Bandopadhyay, who will cease to act as Amity Delhi’s director once the law school appoints a regular director to fill Saigal’s vacated post, is being considered by Amity University to be appointed in an advisory capacity as the chair of all the three law centres on the Amity Campus: the two law colleges under Amity University, and Amity Delhi.

Students we spoke to recently complained that after the protest and the resignation of Amity’s director and oldest teachers Rutabhashini and history teacher Mona Sharma, Amity Delhi was directly under the control of the Amity university management and had lost its autonomy.

Amity’s first director Prof MK Balachandran, who was appointed as director when the law school was founded in 1999, had continued as its director until his superannuation in 2014. He is still associated with Amity Delhi in an advisory capacity but is not abreast of latest developments on campus as he has been on holiday since after the protests, he told us.

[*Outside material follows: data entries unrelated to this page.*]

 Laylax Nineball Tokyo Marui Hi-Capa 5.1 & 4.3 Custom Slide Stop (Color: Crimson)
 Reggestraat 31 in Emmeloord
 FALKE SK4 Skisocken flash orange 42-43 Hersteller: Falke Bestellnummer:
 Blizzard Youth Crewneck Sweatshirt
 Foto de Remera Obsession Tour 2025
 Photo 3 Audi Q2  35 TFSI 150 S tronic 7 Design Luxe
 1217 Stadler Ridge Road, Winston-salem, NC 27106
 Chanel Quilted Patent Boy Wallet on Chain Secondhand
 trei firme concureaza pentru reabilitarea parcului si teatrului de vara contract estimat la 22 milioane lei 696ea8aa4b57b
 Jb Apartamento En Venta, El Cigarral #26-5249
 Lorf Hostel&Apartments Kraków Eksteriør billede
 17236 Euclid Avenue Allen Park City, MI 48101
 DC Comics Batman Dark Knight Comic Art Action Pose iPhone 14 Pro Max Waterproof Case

A spokesperson for Amity said that Amity’s faculty was always recruited by Amity University’s management – the Ritnand Balved Education Foundation (RBEF) - and that Sharma had resigned due to personal reasons.

Bandopadhyay also told us that the file for the 18 other students who were detained alongside Rohilla, is not yet closed, and that after detailed talks with GGSIPU they are presently considering whether to revoke their detention. A few of those 18 have challenged their detention in the Delhi high court on, among others, the ground that they were not given notice or hearing before being detained. We have reached out to one of the petitioners who confirmed that the case is being heard in the HC

Amity now has a class size of 240 – doubled from 120 – and Bandopadhyay confirmed that 30 full time faculty members and four visiting faculty taught at Amity. One full time faculty member Prof Bhanu Pratap is a professor by designation, Bandopadhyay said.

He added that a Corporate Recruitment Centre (CRC) was instituted this semester to conduct placements for all the three law centres on the Amity Noida campus, including Amity Delhi, and that one Amity Delhi full time faculty member and four students from the law school were representatives for Amity Delhi in the centre.